Per anni è rimasta chiusa nei gesti trattenuti, nei desideri rimandati, nei sorrisi educati e negli spazi vuoti delle parole non dette. È rimasta lì, tra i sacrifici che nessuno ha visto e i silenzi che ho imparato ad abitare. Con questo racconto voglio darle finalmente una forma, seppur anonima. Voglio riprenderla dalle sue origini, da quella bambina silenziosa che viveva i primi anni in Romania, lontana dalla madre, un padre assente, in una casa piena di assenze e abitudini. Poi attraversare il trasferimento in Italia, dove la solitudine ha assunto un altro volto e il disorientamento è diventato un compagno quotidiano. Racconterò le tappe più significative di quel percorso: l'infanzia fragile, l'impatto con un mondo nuovo e sconosciuto, gli anni della doppia identità. Essere "di qua" e "di là" sembrava sempre richiedere una scelta, un adattamento, un modo per essere abbastanza. Crescere in un ambiente che, a tratti, sembrava rigettarmi. Questo non è solo un racconto. È un tentativo di tirare fuori ciò che ho custodito fin troppo a lungo. È il bisogno di liberare la mia storia dal ruolo che ha sempre avuto, quello di restare nascosta, e farla esistere per quello che è stata: imperfetta, faticosa, a volte ingiusta. Solo negli ultimi due anni ho imparato ad affrontare il dolore accumulato durante l'infanzia, e ora sento il bisogno di sigillarlo, prima di poter analizzare, affrontare e infine, se lo riterrò necessario, raccontare l'adolescenza. So di non essere l'unica ad aver vissuto una storia simile. Siamo in tanti, noi bambini lasciati ai nonni o ad altri parenti da genitori in lacrime, partiti alla ricerca di un futuro migliore. Un futuro che spesso ha chiesto loro troppi sacrifici e, a volte, non è mai arrivato. Eppure nessuno pensa ai nostri sacrifici. Ai nostri silenzi. A quanto ci siamo sentiti soli e abbandonati. Siamo i guerrieri dimenticati, i bambini che hanno rinunciato alla frivolezza dell'infanzia per combattere le guerre dei nostri genitori.
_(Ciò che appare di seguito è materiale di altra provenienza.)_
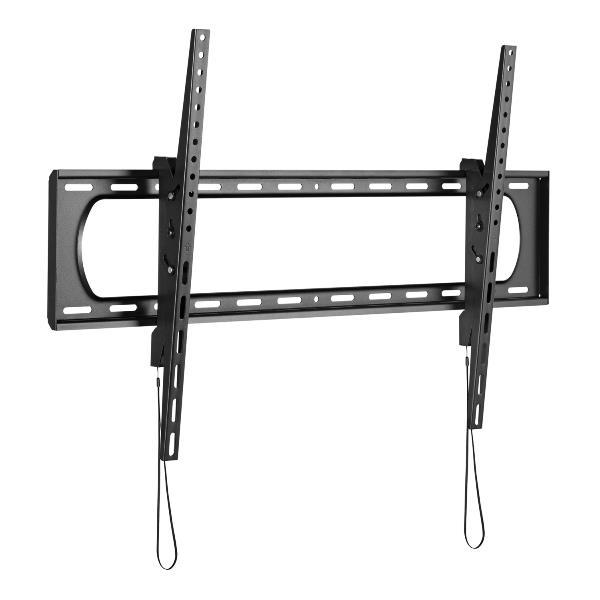 EQUIP STAFFA TV PARETE PER TV CURVE DA 60"A 120" 1 SNODO VESA MAX 900 x 600 MAX 120 KG NERO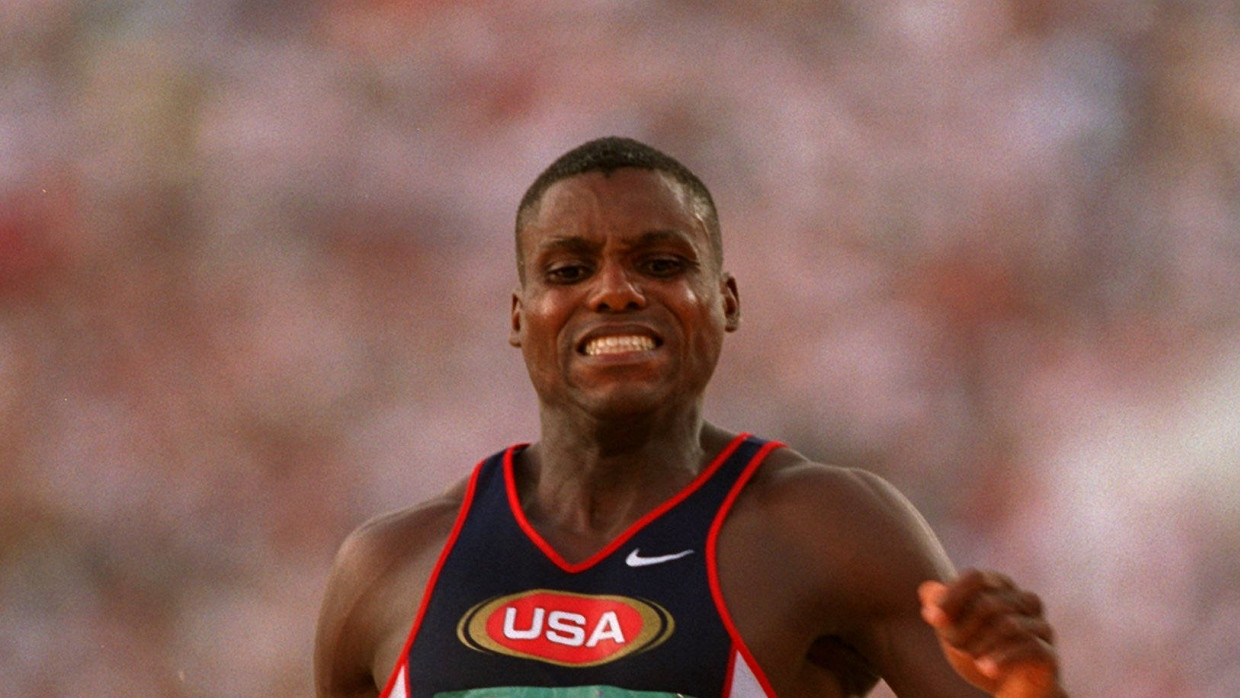 Thyroxin half auf die Sprünge: Carl Lewis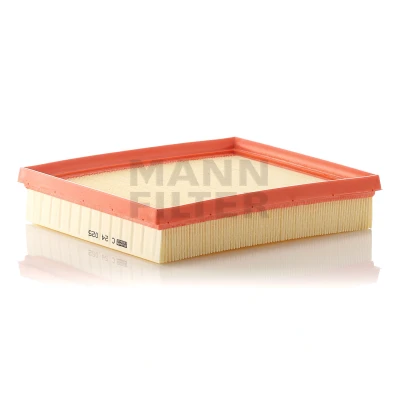 Abbildung von MANN FILTER C 24 025 Luftfilter 44 205 231 Filtereinsatz BMW: 2 Cabrio, 3 Touring, 1 Schrägheck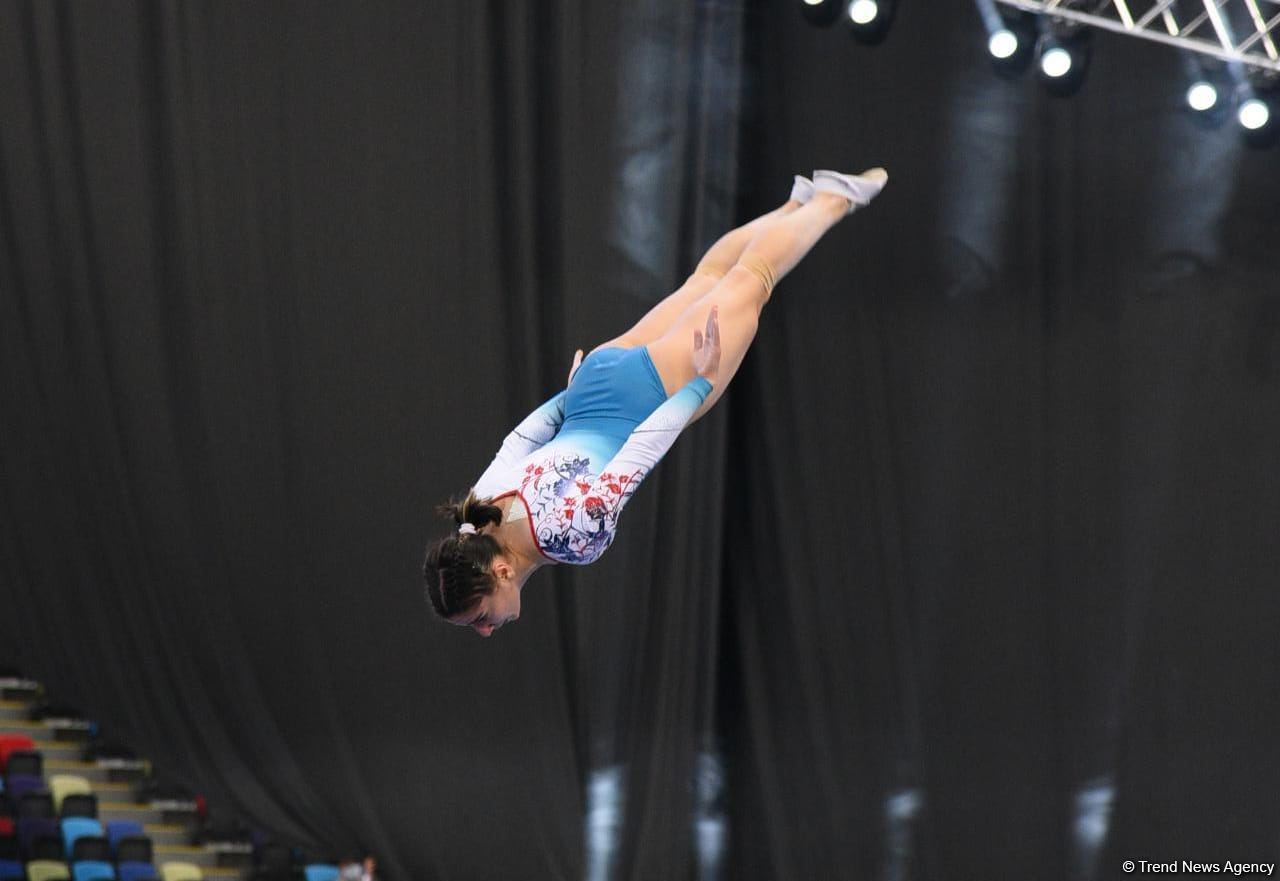 Selcan Mahsudova Dünya Kubokunda bürünc medal qazanıb (FOTO)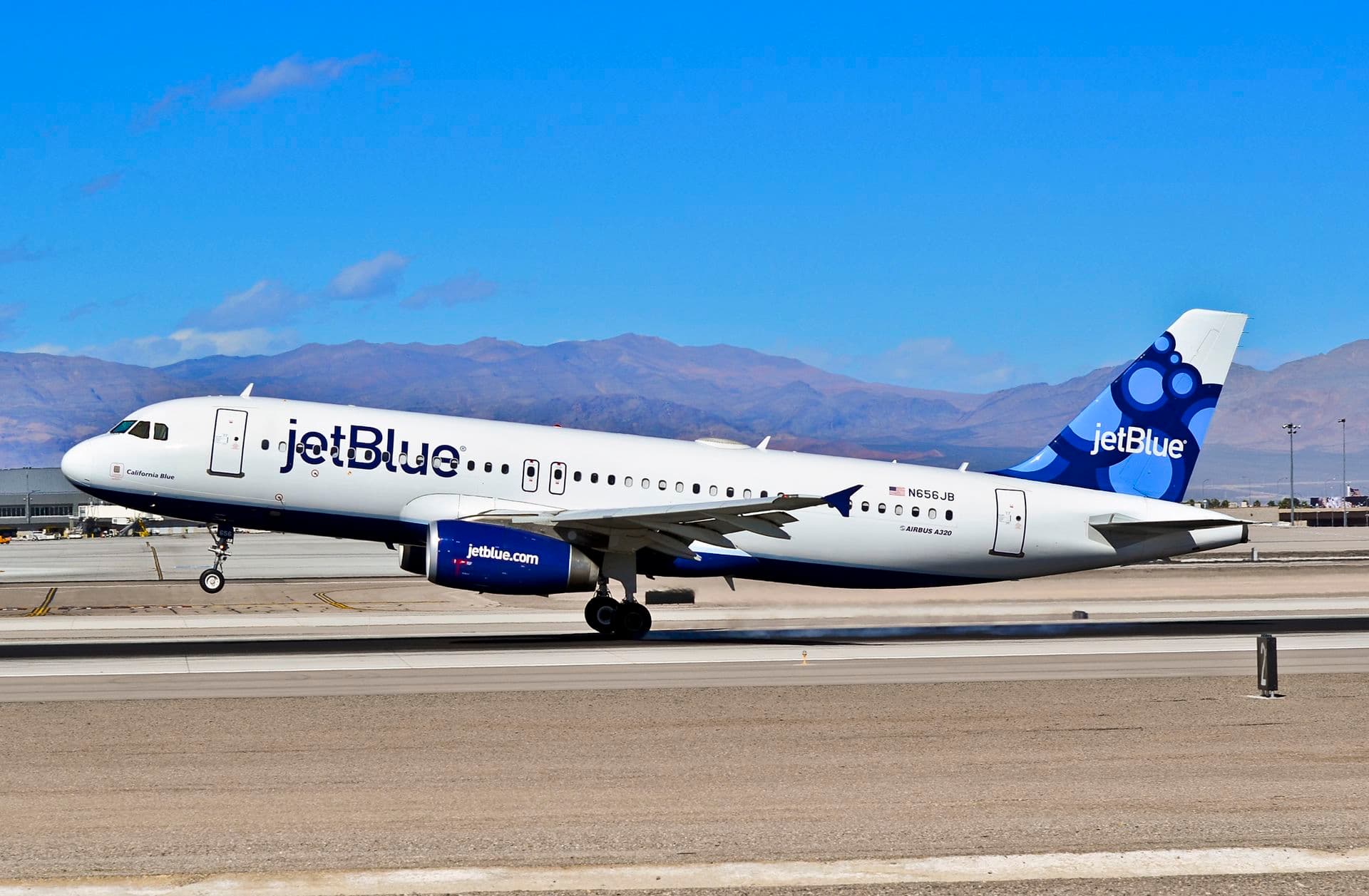 N656JB - Airbus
In fondo, anche se questo non è l'intento principale di ciò che racconto, spero che questi ricordi possano farci sentire più vicini. Spero ci facciano capire che, seppur lontani, con vite diverse e sofferenze personali, non siamo mai stati davvero soli.
Forse non incompresi. O forse sì. Ma dimenticati, sì.
Dimenticati da un mondo che non si è accorto di noi perché eravamo troppo occupati a capire chi eravamo e perché eravamo.
Dedico tutte le parole che scriverò alle donne della mia famiglia, anime forti, che non si sono fatte piegare dalle sofferenze.